Rachael Leigh Cook (born October 4, 1979) is an American actress and model. She has starred in the films The Baby-Sitters Club (1995), She's All That (1999), and Josie and the Pussycats (2001), and in the television series Into the West and Perception. She is also the voice behind various characters in Robot Chicken and Tifa Lockhart in the Final Fantasy series, starting with the English version of the film Final Fantasy VII: Advent Children.

Early life
Rachael Leigh Cook was born in Minneapolis, Minnesota, the daughter of Thomas Howard Cook, a social worker and former stand-up comedian, and JoAnn, a cooking instructor and weaver. She is of part-Italian descent. Cook first appeared in a public service announcement for foster care at seven years of age, and began working as a child print model at the age of 10, including nationwide advertisements for Target and appearing on the boxes of Milk-Bone dog biscuits.  She attended Clara Barton Open School, Laurel Springs School, and Minneapolis South High School.

Career

Cook began auditioning for acting work at the age of 14. She made her screen debut as an actress in the 1995 film The Baby-Sitters Club.
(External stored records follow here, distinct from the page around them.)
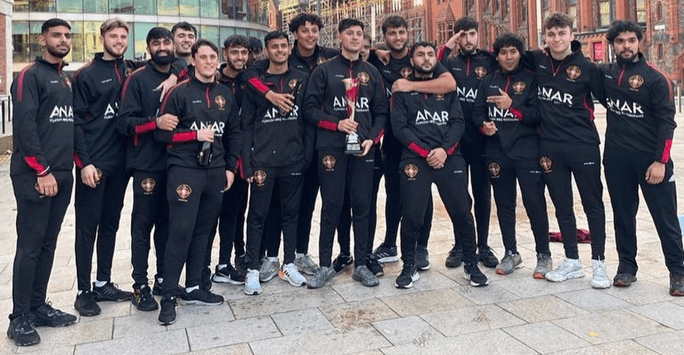 students in matching tracksuits on university square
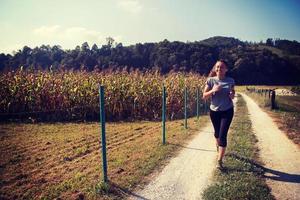 donna che fa jogging lungo una strada di campagna foto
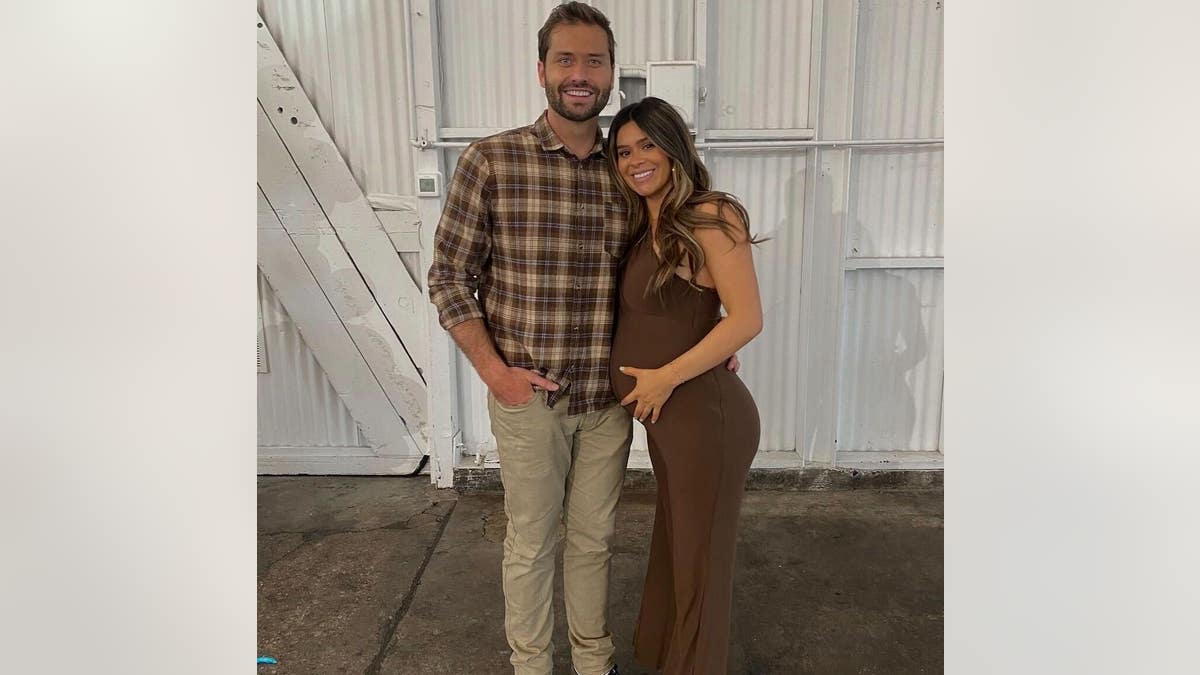 Taylor Frankie Paul pregnant poses with boyfriend Dakota Mortenson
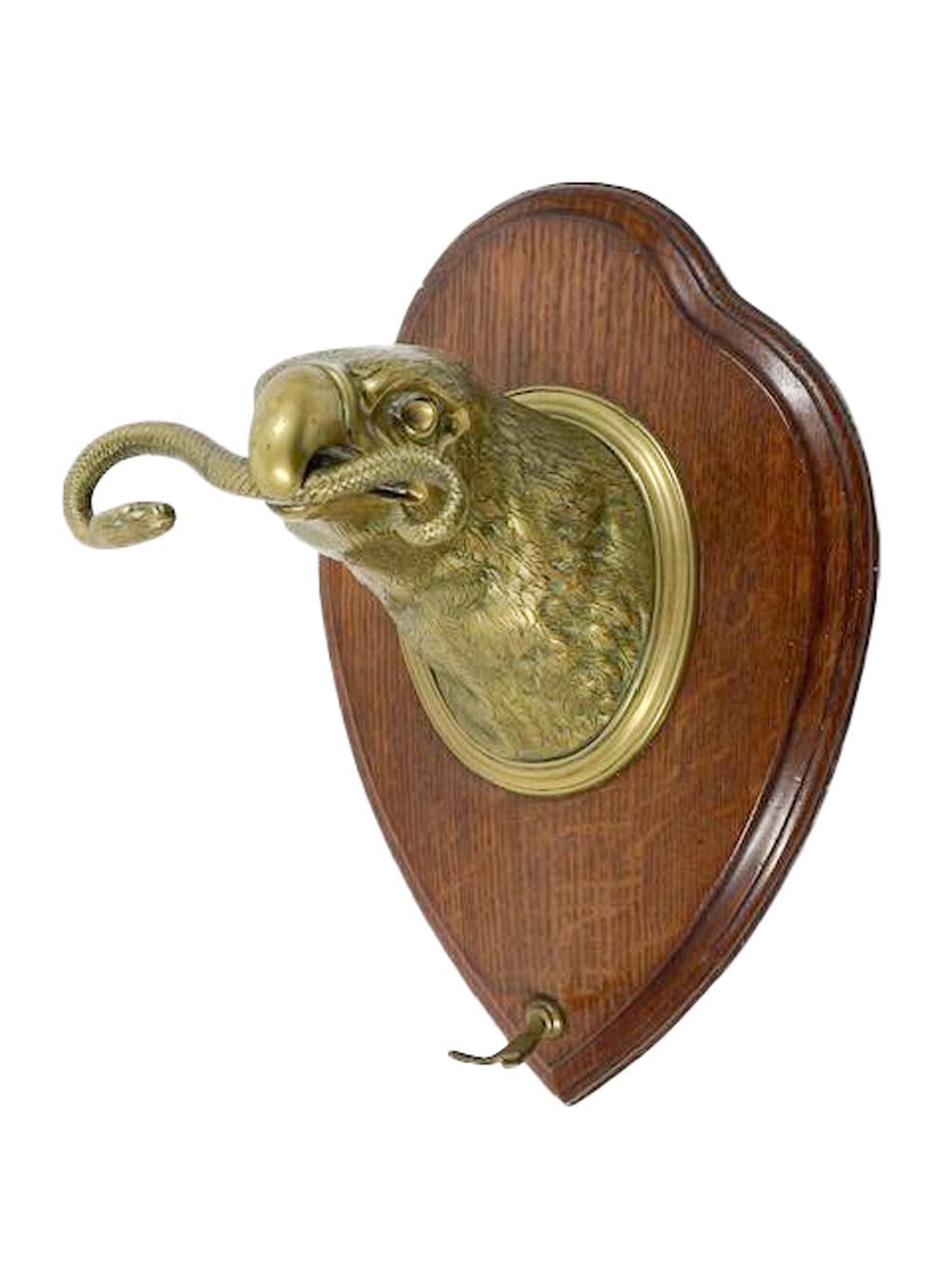 Wall Mounted Brass Eagle Head on Oak Plaque Holding a Dinner Gong by Wm. Tonks For Sale 6
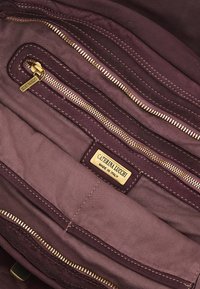 Interno della borsa in pelle di un elegante borgogna scuro, con molteplici tasche con cerniera e un'etichetta del marchio in rilievo dorato. Fodera in tessuto strutturato.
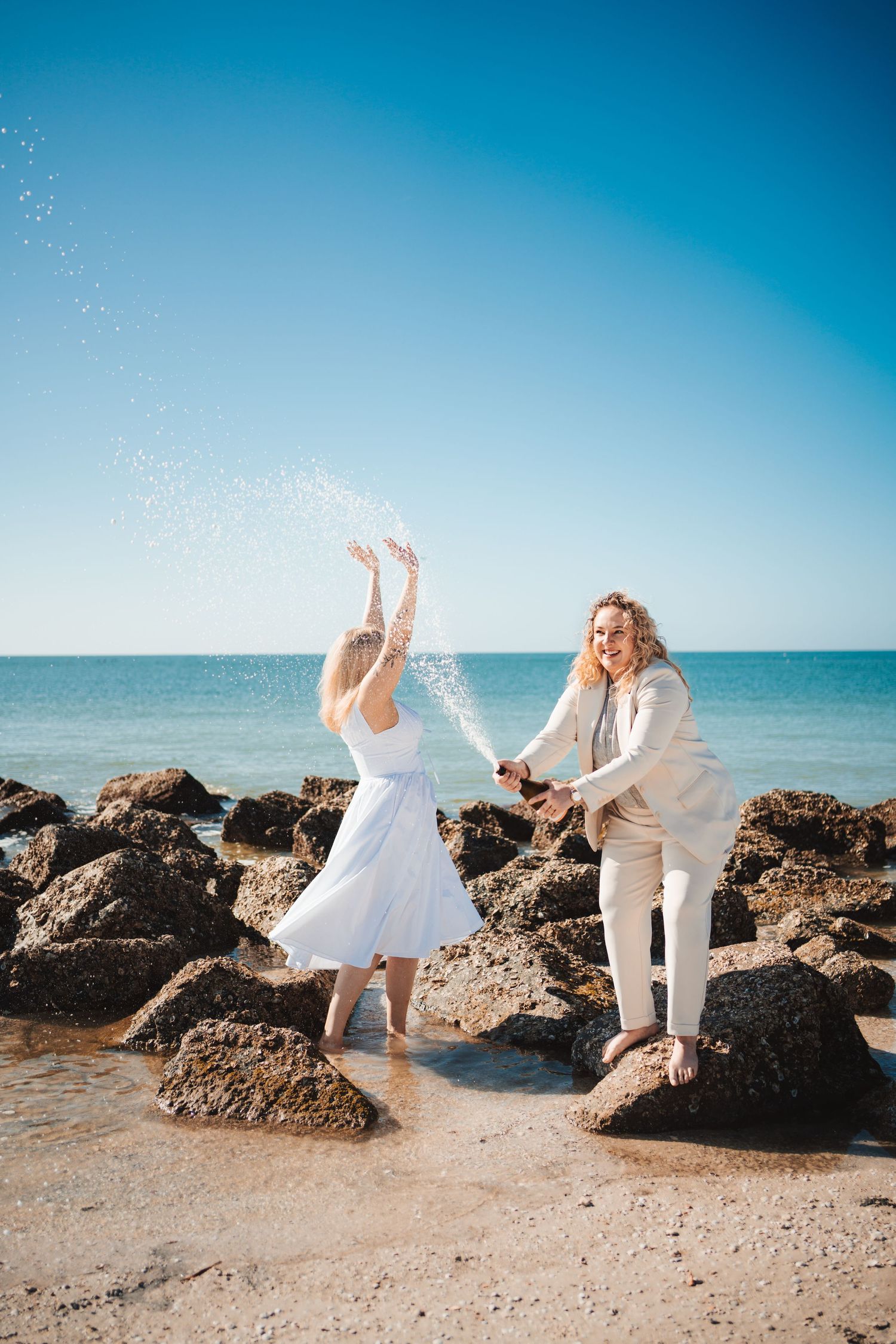 Couple celebrating on rocky beach, woman in white dress tossing champagne, man in beige suit, blue ocean backdrop.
She also played a role in the adventure film Tom and Huck, released in December 1995. In 1996, her modeling agency sent her to star in a short film, 26 Summer Street. In 1997, Cook appeared in a leading role in the film Country Justice as a 15-year-old rape victim who is impregnated by her rapist.

In 1999, Cook starred in her breakout role in the sleeper hit film She's All That, a romantic comedy that so far is the most financially successful film of her career. In 2000, she starred opposite Elijah Wood in the well-received The Bumblebee Flies Anyway. She took the lead role in 2001's Josie and the Pussycats, which turned out to be a box office failure, although it has since become a cult classic.

In 2000, she was the cover girl for the U.S. March/April issue of FHM.  She also starred in the music video for New Found Glory's 2000 single "Dressed to Kill". In 2002, she was ranked No. 26 in Stuff magazine's "102 Sexiest Women in the World". In 2003, she starred in the film 11:14 as Cheri. She also appeared as a main cast member in the 2005 television miniseries Into the West produced by Steven Spielberg. In 2006, she appeared in the music video for Daniel Powter's "Love You Lately".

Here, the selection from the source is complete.